Drifting into Violence
The self-declared, internationally unrecognised republic has existed for almost two decades in a state of ‘no war, no peace’. Since the ceasefire in 1994, Azerbaijan and Armenia have remained at stalemate over the Nagorno-Karabakh region. Armenia and the Armenians living in the mountainous Karabakh insist on sovereign self-determination for the republic, which was previously an autonomous unit within Soviet Azerbaijan. Azerbaijan, however, insists on territorial integrity within its Soviet-era boundaries. To date, the conflict is a central obstacle to the political development of Armenia and Azerbaijan and a key impediment to the development of the South Caucasus region as a whole and its integration into the wider world. The complex social problems generated by its marginal status are almost physically tangible in a region still struggling to overcome the economic, social and psychological consequences of the tragic events of this conflict over Nagorno-Karabakh.
In 1988, inspired by Gorbachev’s slogans about democratisation and promises of correcting mistakes made by previous Soviet leaders, Karabakh Armenians turned to Moscow with a petition for the re-establishment of Nagorno-Karabakh under the jurisdiction of Armenia. However, this movement provoked a sharp reaction amongst Azerbaijanis, who opposed a sovereign Nagorno-Karabakh. While Moscow quickly lost control, the Armenian-Azerbaijani confrontation grew considerably, changing from a verbal battle to a war between militarised youth, equipped with stones, sticks and knives; and then to persecution and pogroms driven by ethnic hatred.
Aram was aged 14 in 1988 when the Karabakh movement started. Together with his friends he threw stones at Azerbaijani cars, which drove through Martuni, as he tells us in the interview:
In 1988, the Karabakh movement started and the war against Azerbaijanis began. They [Azerbaijanis] wanted to kick us out [of Nagorno-Karabakh], but we started to fight back and threw stones. We would hear, for example, that there in Aghdam, they threw stones at our buses… so why should they drive through Martuni? Then after Sumgait happened we again [threw stones] … why should they [Azerbaijanis] stay here [in Martuni]? … Well, we were kids …, the truth is, that adults told us to throw stones or do something, they gave us the idea: ‘You’re kids, no one can punish you for it, you’re just kids, just go and do it [throw stones]’.
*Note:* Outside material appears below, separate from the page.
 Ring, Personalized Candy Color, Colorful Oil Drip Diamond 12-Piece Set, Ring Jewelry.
This interview excerpt with Aram highlights how these young men became drawn into political violence. First, Aram emphasises the power of ideological propaganda that took place after the first demonstrations had started. When the dispute broke out with demonstrations in 1988, teams of pamphleteers and propagandists on both sides conducted intensive ideological propaganda (de Waal). One could say that at the beginning of the conflict, in Armenia and Azerbaijan only one issue, Nagorno-Karabakh, was able to raise passions and bring large numbers of people out on to the streets (de Waal, p. 83). Armenian-Azerbaijani tensions had persisted and even intensified under socialism since ‘ethnonationalism was in certain ways “built into” the organisation of socialism, manifesting itself differently in different countries but fully absent from none’ (Verdery, p. 174). Hence, it was no surprise that by 1988 when socialism had vanished as a guiding principle, it led to a growth of Armenian and Azerbaijani nationalism.
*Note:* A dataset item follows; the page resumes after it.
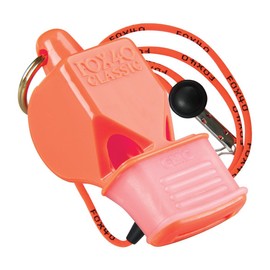 Fox 40 Tri-Foxco Orange Classic Pealess Whistle, 115 db (Single with Lanyard) (LEPUSHPDJ6463)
Second, Aram refers to the pogroms in Sumgait, which are crucial for popular memory and sparked communal actions and hatred amongst Armenians. Shortly after the peaceful demonstrations in February 1988, riots broke out in Sumgait, a drab industrial Azerbaijani city near the capital, and later in Baku itself. A total of 31 people were killed, many were injured and thousands fled in panic (Kurkchiyan, pp. 153-54). For Armenians, the pogroms of Sumgait were proof that Armenians could never live under Azerbaijani rule and feel safe. Armenian accounts refer to these events as evidence of Azerbaijani ethnic hatred, of the genocidal tendency among ‘Turks’ that Armenians experienced in the Ottoman Empire in 1915, which Azerbaijani ‘Turks’ were now reviving (Laitin & Suny, p. 152). As such, Sumgait activated the historical memory of the genocide as well as of the mass killings of 20,000 Armenians by Azerbaijanis in Shushi, Karabakh in 1918-1920.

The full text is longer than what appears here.